Nats streaming cluster

506 views
Skip to first unread message

Henrik Johansson

unread,
Sep 29, 2016, 3:03:20 PM9/29/16
to nats
Hi,

I am curious as to the clustering support for NATS Streaming is coming along.

I mean not just connecting to a clustered NATS but also replicating massages.
I am maybe just assuming that that capability is part of the roadmap but I have a vague memory of it being mentioned at Gophercon.
We could probably run part of our payloads unclustered because they are easy to regenerate in case of losses but some probably not.

Thx,
Henrik

Ivan Kozlovic

unread,
Sep 29, 2016, 3:08:15 PM9/29/16
to nats
Hello Henrik,

Yes, clustering as you describe (with log replication) is in the roadmap, but there is still a lot of work to do.
I don't have a date for availability of that feature, but this is what we are working on at the moment on NATS Streaming, so this has top priority.

Ivan.

Henrik Johansson

unread,
Sep 29, 2016, 3:23:07 PM9/29/16
to nats
Excellent Ivan, thank you!

--
You received this message because you are subscribed to the Google Groups "nats" group.
To unsubscribe from this group and stop receiving emails from it, send an email to natsio+un...@googlegroups.com.
For more options, visit https://groups.google.com/d/optout.

Ravi Krishna

unread,
Sep 29, 2016, 10:08:00 PM9/29/16
to nats
where can I find more roadmap data? I find one on Github but it seems to be not current

Bryan Crosby

unread,
Oct 6, 2016, 1:45:28 PM10/6/16
to nats
+1 This would be of interest to me as well. In order to have high availability out of the box, it would be nice to have this supported without having to do it manually. As soon as we could get a date, that would be awesome! 

Bryan

akha...@fubo.tv

unread,
Jun 14, 2017, 5:35:53 PM6/14/17
to nats
Any updates on this matter? We are looking to setup NATS streaming and we would like to have a cluster option.

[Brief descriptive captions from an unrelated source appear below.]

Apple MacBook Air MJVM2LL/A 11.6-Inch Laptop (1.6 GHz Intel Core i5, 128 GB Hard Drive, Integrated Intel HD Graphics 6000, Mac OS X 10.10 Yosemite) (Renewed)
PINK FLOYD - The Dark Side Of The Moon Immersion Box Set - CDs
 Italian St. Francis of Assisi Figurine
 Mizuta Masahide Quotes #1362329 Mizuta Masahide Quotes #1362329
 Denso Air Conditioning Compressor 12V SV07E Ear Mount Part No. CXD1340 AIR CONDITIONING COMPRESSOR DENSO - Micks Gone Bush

On Thursday, September 29, 2016 at 3:08:15 PM UTC-4, Ivan Kozlovic wrote:

Rogerio Ferreira

unread,
Jun 15, 2017, 11:05:11 AM6/15/17
to nats
Is there anyway we can get a feeling on clustering support being  1-3 moths away or 4-6+ months away without making a hard and fast commitment. It will help us in qualifying if we should make alternate interim plans or not.

Colin Sullivan

unread,
Jun 15, 2017, 5:42:38 PM6/15/17
to nats
Rogerio,

Thank you for your interest in NATS!  We have done quite a bit of design work, and are starting dev - we're in the 4-6 months range you mentioned (without making a hard and fast commitment).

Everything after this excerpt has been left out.